Can you give us an example of this?
“One particularly attractive treatment strategy is immunotherapy, which enables us to educate and activate ‘murder cells’ of the immune system to attack the most aggressive cancer cells expressing a particular biomarker like NG2. The hope is that this form of therapy one day will benefit the cancer patients.”
What was it like to finish your PhD?
“Defending the PhD was one of the best days of my life, well, at least of my academic life. The workload was intense! In addition, I had two small children home, but luckily, my husband is an Iron Man. Still, it was a bit like living in a bubble. When I attended the PhD ceremony in Håkonshallen three months after my doctoral defence, I met several people from my earlier days of study, who had all chosen different directions for their studies. This was great fun!”
So, what are you doing now?
“After finishing my PhD, I was really excited to be offered a postdoctoral fellowship at UiB’s new Centre of Excellence, the Centre for Cancer Biomarkers. There is definitely a red thread from my previous cancer research via my doctoral thesis to what I do now. My current research is focussed on lung and breast cancer.” [“In particular, I want to know: Why are some cancer cells so extremely aggressive and therapy resistant? How can we better treat them?”

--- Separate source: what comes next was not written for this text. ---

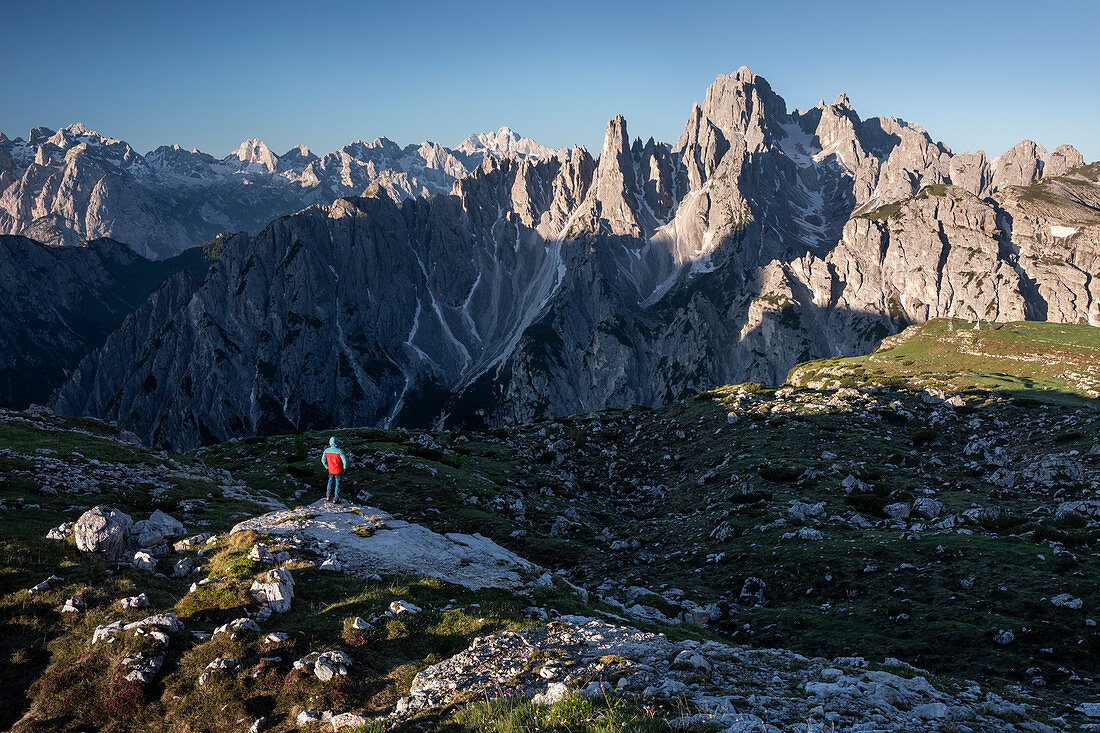 Mann in Berglandschaft in den Dolomiten unterhalb der Lavardo Hütte nähe Drei Zinnen im Sonnenaufgang, Südtirol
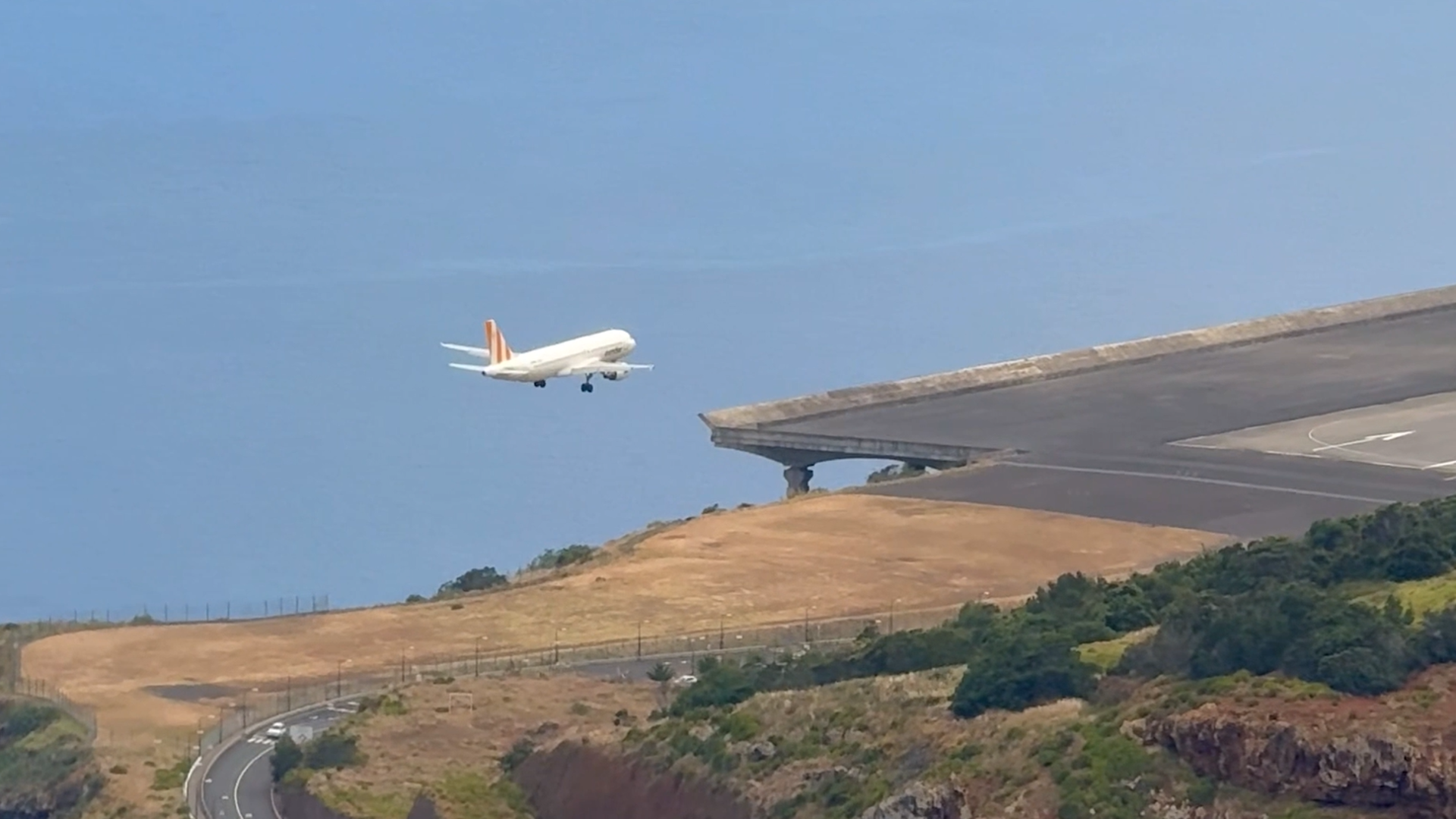 Avião a aterrar no Aeroporto da Madeira, com o mar ao fundo.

What have you found so far?
“We have found that aggressive cancer cells behave similarly to stem cells; mimicking their survival strategies and ability to adapt to external challenges.
What is unique about our approach is that we develop our understanding in the context of the normal stem cell biology that is often overlooked by cancer researchers.”
“It is a bit like learning from Dr. Jekyll how to control Mr. Hyde. My mentor, Professor James Lorens, the principal investigator in the CELLNET Group, which is part of CCBIO, is also founder of the Bergen-based biotech company BerGenBio AS, which is developing innovative therapeutics for drug-resistant cancer. It is extremely inspiring for me to see the results of my colleagues’ work being translated into promising drugs for cancer treatment, which are entering clinical trials in patients.”
No complaints about choosing to work in the CELLNET Group then?
“Absolutely not. Professor Lorens is very enthusiastic, both about his work and in the way he conducts research. He is good at getting his team excited about science and research and this is extremely valuable. Furthermore, this is a very international environment; people come to Bergen from all around the world to work in our research group, and some of our main research partners are located in the United States and Europe.”
What do you see yourself doing in ten years’ time?
“I am very motivated to continue my work in cancer research! However, as our contracts are short, mine is for three years, the future is slightly uncertain. But I am sure that we are on the brink of a major breakthrough in cancer research, and I also believe that cancer treatment will be completely different ten years from now. This will provide opportunities in research and development.”
In what way will future cancer treatment be different?
“First of all, cancer therapy will be tailored to fit the individual cancer patient. Cancer is like a thousand diseases masquerading as one. Every tumour is unique, and now we have the technology that enables us to look deeper into each tumour and to develop more efficient targeted treatment strategies. Daily, I hear stories of people’s experiences with cancer. It is not hard for me to stay motivated. We need joint efforts to succeed in establishing a targeted approach to fight and eradicate cancer. This is something I believe in, with a passion!”
(Translated from the Norwegian by Sverre Ole Drønen.)